People often think of relapse as something that only happens with individuals struggling with substance use disorder (SUD). This is false. The truth is that relapses can happen with many issues of mental health, especially for those who are in recovery from an eating disorder. For this reason, it is critical to focus on an eating disorder recovery relapse prevention plan for when they return home from a treatment center.

Understanding the Prevalence of Eating Disorders Among Adolescents

According to data from National Comorbidity Survey Adolescent Supplement (NCS-A), “The lifetime prevalence of eating disorders among U.S. adolescents aged 13 to 18 years… was 2.7%. Eating disorders were more than twice as prevalent among females (3.8%) than males (1.5%)” and this “[p]revalence increased modestly with age.” Now, while this may not seem like a significant percentage, based on population, this is over half a million young people who are struggling with an eating disorder at any given time in the U.S. alone.

These statistics can be addressed through two perspectives. The first would be to get discouraged and distance ourselves from the problem. The second would be to become motivated and take action to address the issues with adolescent eating disorders.

One of the best ways to address adolescent eating disorders is to be vigilant regarding how young people are interacting with the world around them. This is especially helpful for parents of young women. There is a lot of misinformation and body shaming going on in today’s social media sphere, and young women are getting inundated with it. Now, while this toxic messaging is, of course, not solely responsible for adolescent eating disorders, it is certainly contributing to the problem. Thus, staying on top of the content that our daughters consume online can be crucial.
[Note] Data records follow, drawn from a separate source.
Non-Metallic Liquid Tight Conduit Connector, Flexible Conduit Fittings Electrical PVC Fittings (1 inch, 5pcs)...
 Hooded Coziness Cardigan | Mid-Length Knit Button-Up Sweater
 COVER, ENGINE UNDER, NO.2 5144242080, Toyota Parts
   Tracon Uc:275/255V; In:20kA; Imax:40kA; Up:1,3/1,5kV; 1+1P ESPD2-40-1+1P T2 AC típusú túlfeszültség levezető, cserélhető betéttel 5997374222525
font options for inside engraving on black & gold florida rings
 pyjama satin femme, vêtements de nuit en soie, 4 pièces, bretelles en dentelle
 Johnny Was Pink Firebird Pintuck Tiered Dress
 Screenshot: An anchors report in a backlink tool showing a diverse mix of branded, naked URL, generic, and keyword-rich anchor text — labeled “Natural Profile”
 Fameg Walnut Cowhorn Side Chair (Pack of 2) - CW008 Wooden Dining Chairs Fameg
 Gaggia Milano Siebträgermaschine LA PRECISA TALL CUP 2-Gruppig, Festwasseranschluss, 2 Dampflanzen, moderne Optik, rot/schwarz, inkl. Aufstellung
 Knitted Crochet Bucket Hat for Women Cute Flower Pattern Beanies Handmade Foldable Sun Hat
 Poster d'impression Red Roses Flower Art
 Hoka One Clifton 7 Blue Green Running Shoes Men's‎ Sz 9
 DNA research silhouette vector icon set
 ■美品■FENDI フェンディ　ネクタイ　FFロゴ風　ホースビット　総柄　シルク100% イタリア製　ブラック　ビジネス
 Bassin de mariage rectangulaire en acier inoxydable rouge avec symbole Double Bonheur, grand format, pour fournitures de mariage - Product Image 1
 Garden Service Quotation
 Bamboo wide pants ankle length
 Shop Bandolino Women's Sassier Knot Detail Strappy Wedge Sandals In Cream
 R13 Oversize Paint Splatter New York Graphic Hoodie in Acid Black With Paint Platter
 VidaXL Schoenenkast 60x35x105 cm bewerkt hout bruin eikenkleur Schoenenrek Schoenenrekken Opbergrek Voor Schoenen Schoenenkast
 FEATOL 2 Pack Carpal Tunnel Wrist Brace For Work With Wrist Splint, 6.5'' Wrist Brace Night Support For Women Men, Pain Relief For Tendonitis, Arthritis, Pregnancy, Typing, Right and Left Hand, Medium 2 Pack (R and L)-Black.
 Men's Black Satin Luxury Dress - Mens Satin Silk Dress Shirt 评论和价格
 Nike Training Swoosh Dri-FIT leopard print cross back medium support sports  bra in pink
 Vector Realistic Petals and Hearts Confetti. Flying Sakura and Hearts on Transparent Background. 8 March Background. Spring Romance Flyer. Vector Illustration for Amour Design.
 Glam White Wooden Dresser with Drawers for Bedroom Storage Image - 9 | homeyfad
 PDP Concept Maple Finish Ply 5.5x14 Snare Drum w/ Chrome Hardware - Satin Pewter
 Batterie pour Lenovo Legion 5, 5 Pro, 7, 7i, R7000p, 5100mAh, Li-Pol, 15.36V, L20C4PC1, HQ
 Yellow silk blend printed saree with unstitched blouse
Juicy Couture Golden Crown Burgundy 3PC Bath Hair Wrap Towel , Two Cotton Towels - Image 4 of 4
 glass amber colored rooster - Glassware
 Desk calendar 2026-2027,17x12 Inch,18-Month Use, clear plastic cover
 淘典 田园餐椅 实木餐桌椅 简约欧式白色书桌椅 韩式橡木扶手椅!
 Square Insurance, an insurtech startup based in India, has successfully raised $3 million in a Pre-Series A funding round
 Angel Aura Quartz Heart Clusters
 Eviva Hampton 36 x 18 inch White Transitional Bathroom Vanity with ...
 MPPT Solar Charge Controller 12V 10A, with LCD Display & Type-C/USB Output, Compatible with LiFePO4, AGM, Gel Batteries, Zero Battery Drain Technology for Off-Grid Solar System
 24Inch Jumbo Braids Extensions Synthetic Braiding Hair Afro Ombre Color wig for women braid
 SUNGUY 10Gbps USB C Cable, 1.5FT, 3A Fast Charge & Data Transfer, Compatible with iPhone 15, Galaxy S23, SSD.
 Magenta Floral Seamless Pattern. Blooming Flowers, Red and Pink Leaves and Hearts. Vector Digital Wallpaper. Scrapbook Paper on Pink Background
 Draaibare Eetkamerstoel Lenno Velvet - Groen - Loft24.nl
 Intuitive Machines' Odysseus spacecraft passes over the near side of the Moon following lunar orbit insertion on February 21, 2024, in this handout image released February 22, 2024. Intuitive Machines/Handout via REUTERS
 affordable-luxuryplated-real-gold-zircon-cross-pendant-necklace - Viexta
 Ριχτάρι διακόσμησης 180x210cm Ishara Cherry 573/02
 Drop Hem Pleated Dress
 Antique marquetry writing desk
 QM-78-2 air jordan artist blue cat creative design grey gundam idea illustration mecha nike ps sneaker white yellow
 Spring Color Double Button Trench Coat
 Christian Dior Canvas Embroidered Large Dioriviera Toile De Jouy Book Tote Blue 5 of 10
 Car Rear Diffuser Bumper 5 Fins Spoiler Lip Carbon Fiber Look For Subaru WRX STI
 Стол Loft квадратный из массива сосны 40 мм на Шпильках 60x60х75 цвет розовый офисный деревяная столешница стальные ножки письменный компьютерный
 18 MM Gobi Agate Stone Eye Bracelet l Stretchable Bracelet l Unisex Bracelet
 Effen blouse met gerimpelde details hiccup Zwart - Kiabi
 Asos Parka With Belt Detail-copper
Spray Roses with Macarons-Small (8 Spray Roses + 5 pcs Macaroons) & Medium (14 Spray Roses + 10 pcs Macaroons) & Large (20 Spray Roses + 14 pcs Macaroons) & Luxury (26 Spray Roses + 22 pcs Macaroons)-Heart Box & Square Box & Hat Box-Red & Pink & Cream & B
Treatment Options for Eating Disorders and Disordered Eating

What if an eating disorder has gone undetected and now requires treatment? The good news is that many effective treatment modalities can help young women recover from eating disorders and/or issues of disordered eating. A big aspect of eating disorder recovery involves the use of psychotherapy. This therapy resides primarily in three categories: individual psychotherapy, group therapy, and nutrition therapy.

Psychotherapies such as cognitive-behavioral therapy (CBT) and dialectical behavior therapy (DBT) can help young women get to the underlying emotional issues that are often the cause of their disordered behaviors. Group therapy can help individuals relate to others that have gone through similar experiences with eating disorders. This reliability can help with communication and can inspire indivdiuals to maintain forward momentum in their recovery. Lastly, nutrition therapy (also known as nutritional therapy) can help individuals change their behaviors regarding food and eating so they can utilize them moving forward in their recovery. It also helps individuals learn about the importance of healthy eating. 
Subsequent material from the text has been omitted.